The application lists Gardner, Fernandez Saldana and Tenon, but the other two names were redacted. While no names were offered in the document, investigators offered clues as to how one of the unnamed parties fits into the group: “[redacted] and Fernandez Saldana have known each other for many years. Fernandez Saldana dated [redacted]’s daughter in high school. [Redacted] is a former reserve police officer and convicted felon. [redacted] admitted to law [redacted] he owned a 10mm caliber gun but said he did not know where it was. A 10 mm caliber was used to murder Bridegan.”

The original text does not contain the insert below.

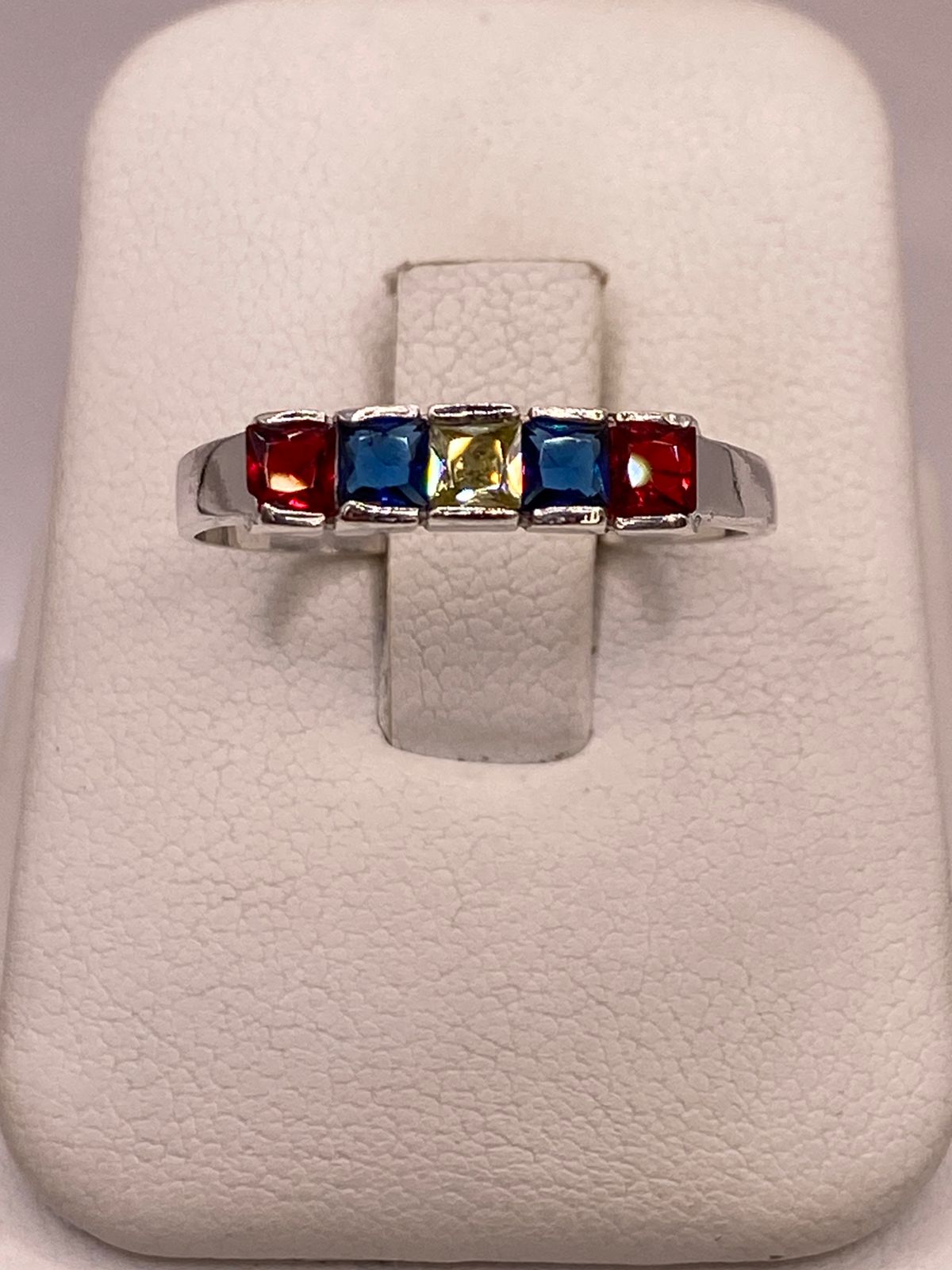 Anillo Multicolor con Zirconias en Plata Ley 925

READ MORE: Blame Game: What the suspects told police about Jared Bridegan’s murder
Investigators said in the documents that Gardner began using encryption and other methods in an attempt to conceal what she was talking about from law enforcement. A series of redacted conversations were included in the report, which investigators said show that Gardner had been coordinating with her sister and a friend to relay communications between co-conspirators to evade police.
Police also revealed new information about the timeline of Bridegan’s murder, saying that two weeks before the shooting Bridegan had sent Gardner an email in which he told her he planned to have one of the two children they shared baptized in the Mormon church. Both Gardner and Bridegan were Mormon when the pair married, but when Gardner filed for divorce in 2015 she had begun leaving the faith.
Another motive police pointed to was financial. In the affidavit reviewed by Court TV, investigators said that a trust put into place by Gardner’s parents only allowed her unfettered access to the money after she had “no further legal entanglements with her ex-husband, Jared G. Bridegan.”
“On February 23, 2022, one week after Bridegan’s murder and precisely seven years after she filed for dissolution of their marriage, a suggestion of death [Bridegan’s death] appeared in the records of their dissolution case with the St. Johns County Clerk of Court. By all accounts, in the months and years preceding the murder, Gardner wanted to leave the State of Florida with her children. However, her dissolution decree prevented her from leaving the state permanently with her children without an agreement from Bridegan or a court order. With Bridegan’s death, she became free to leave the state with her children – which she has done. And with no legal entanglements with ‘her ‘ex-husband”, she can now also control her trust funds.”
Police said they believe that Gardner gave the money for Bridegan’s murder to Fernandez Saldana who then arranged for it to be carried out.